These are the key concepts you need to understand to accurately answer the question.

Normal Distribution Approximation
The normal distribution is a fundamental concept in statistics. It is a bell-shaped distribution that is symmetric around the mean. When we deal with proportions in large samples, we can use a normal distribution approximation to make calculations simpler. This works well when certain conditions are met, like a large enough sample size.
  • The sample size should be large, generally greater than 30.
  • The conditions for the normal approximation to apply include: np ≥ 5 and n(1-p) ≥ 5, where n is the sample size and p is the population proportion.
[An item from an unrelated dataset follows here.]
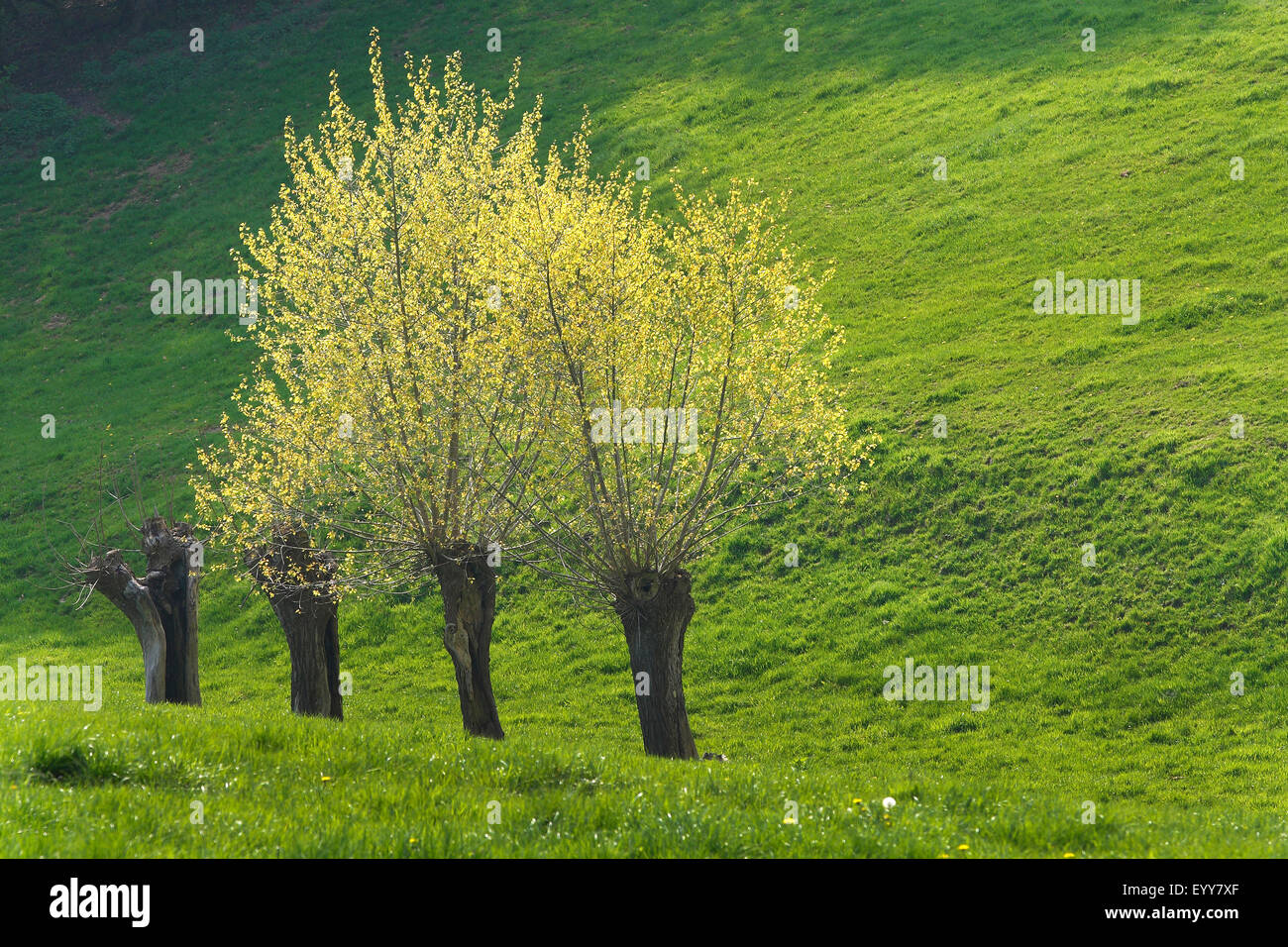 Willow, vimini (Salix spec.), Fila di alberi di salice in primavera, Belgio Foto Stock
In this exercise, the sample size is 100, and the proportion of interest is 0.3. Given these conditions, we can safely use the normal distribution approximation for \( \bar{p} \), the sample proportion. This allows us to easily compute the probability of observing a sample proportion within a certain range.
Sample Proportion
The sample proportion is a statistic that represents the proportion of interest for a particular sample. It is denoted as \( \bar{p} \). In this scenario, we're looking at the orders from first-time customers.
  • The sample proportion is computed as: \( \bar{p} = \frac{x}{n} \), where x is the number of successes (e.g., first-time orders) and n is the sample size.
  • It is crucial to understand that while \( \bar{p} \) gives insights into the sample at hand, what we're often interested in is making inferences about the population proportion \( p \).

In the exercise given, the president believes the population proportion \( p \) is 0.3, which is the basis for calculating the sampling distribution of \( \bar{p} \). This helps in determining how \( \bar{p} \) might behave if the study is repeated many times.
Z-Score Calculation
Z-scores are a way to convert a specific example, like a sample mean or proportion, into a standardized value. This helps to understand where a sample statistic lies relative to the expected average.
  • The Z-score formula for a sample proportion is: \( z = \frac{\bar{p} - p}{\sigma_{\bar{p}}} \).
  • \( \sigma_{\bar{p}} \), the standard deviation of the sample proportion, can be computed using the formula: \( \sigma_{\bar{p}} = \sqrt{\frac{p(1-p)}{n}} \).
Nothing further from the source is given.